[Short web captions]
----
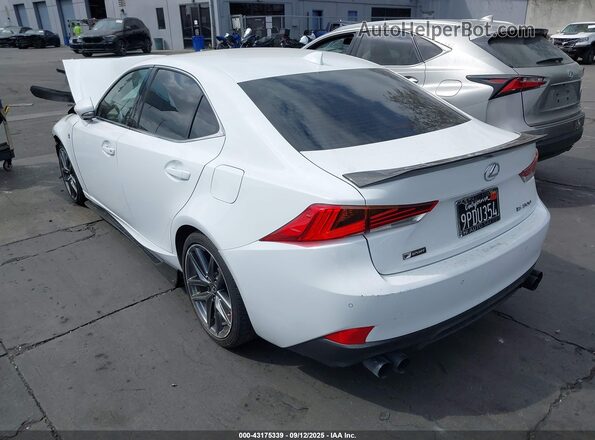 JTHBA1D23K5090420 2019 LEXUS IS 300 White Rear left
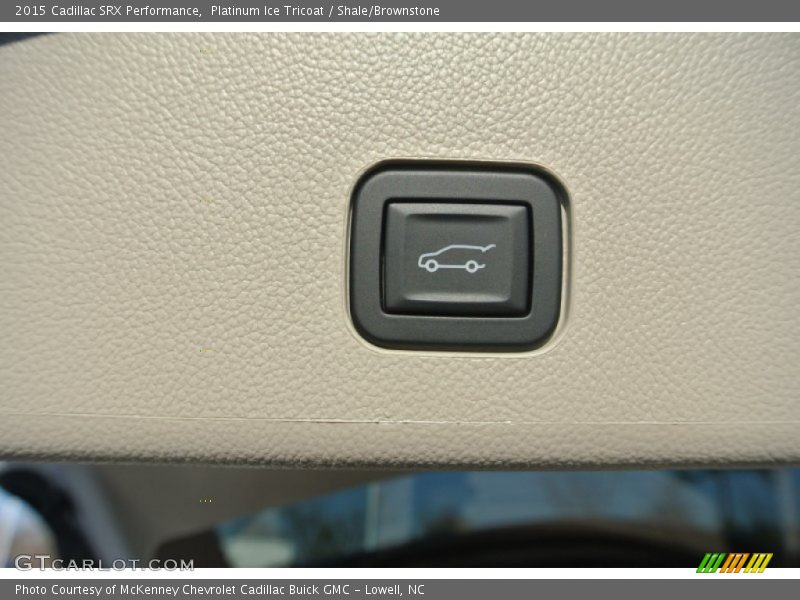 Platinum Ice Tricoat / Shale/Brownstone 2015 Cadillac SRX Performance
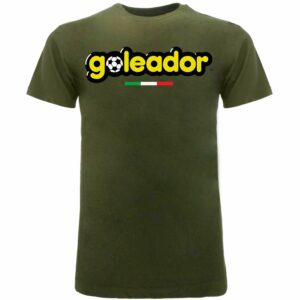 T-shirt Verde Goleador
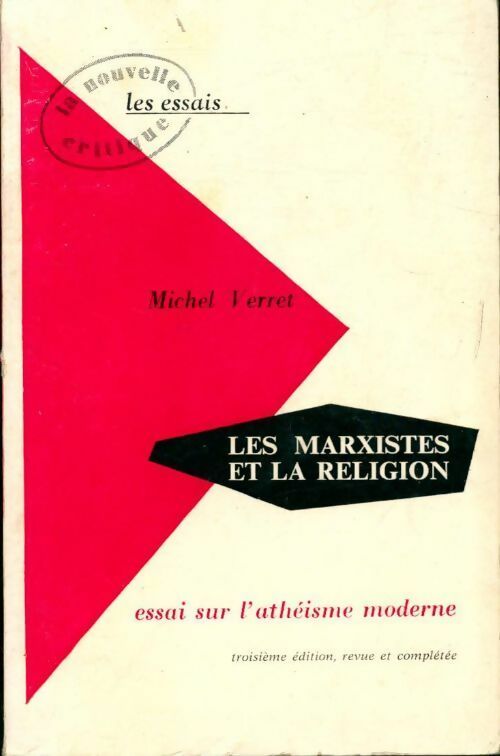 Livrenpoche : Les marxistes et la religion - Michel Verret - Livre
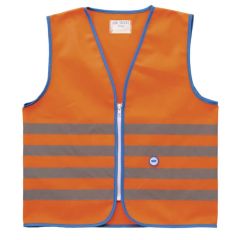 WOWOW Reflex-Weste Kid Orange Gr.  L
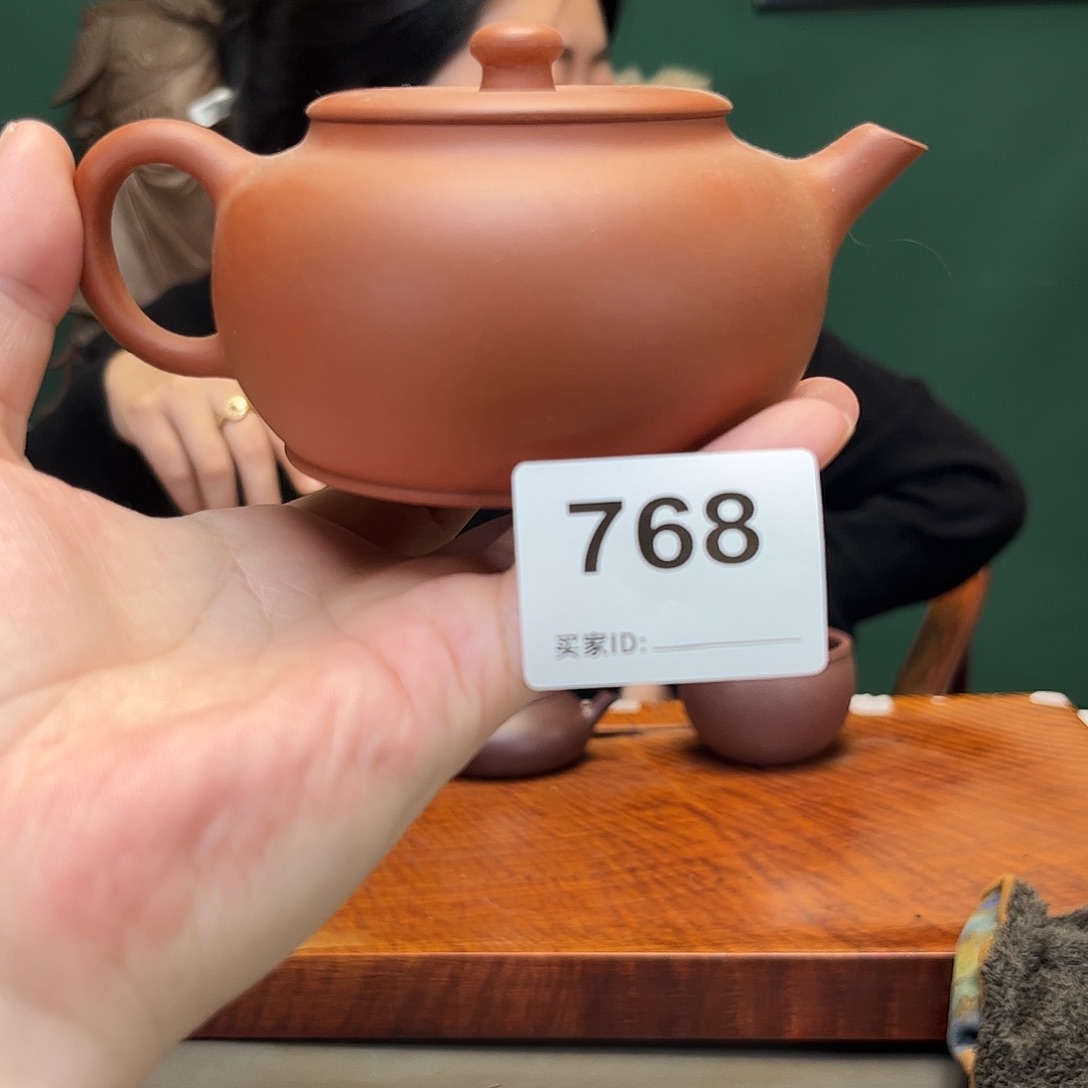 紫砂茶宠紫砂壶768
----
**What is expected**.
Copy out the lines above unchanged. Skip the images.

**Exercise output**.
 JTHBA1D23K5090420 2019 LEXUS IS 300 White Rear left
 Platinum Ice Tricoat / Shale/Brownstone 2015 Cadillac SRX Performance
 T-shirt Verde Goleador
 Livrenpoche : Les marxistes et la religion - Michel Verret - Livre
 WOWOW Reflex-Weste Kid Orange Gr.  L
 紫砂茶宠紫砂壶768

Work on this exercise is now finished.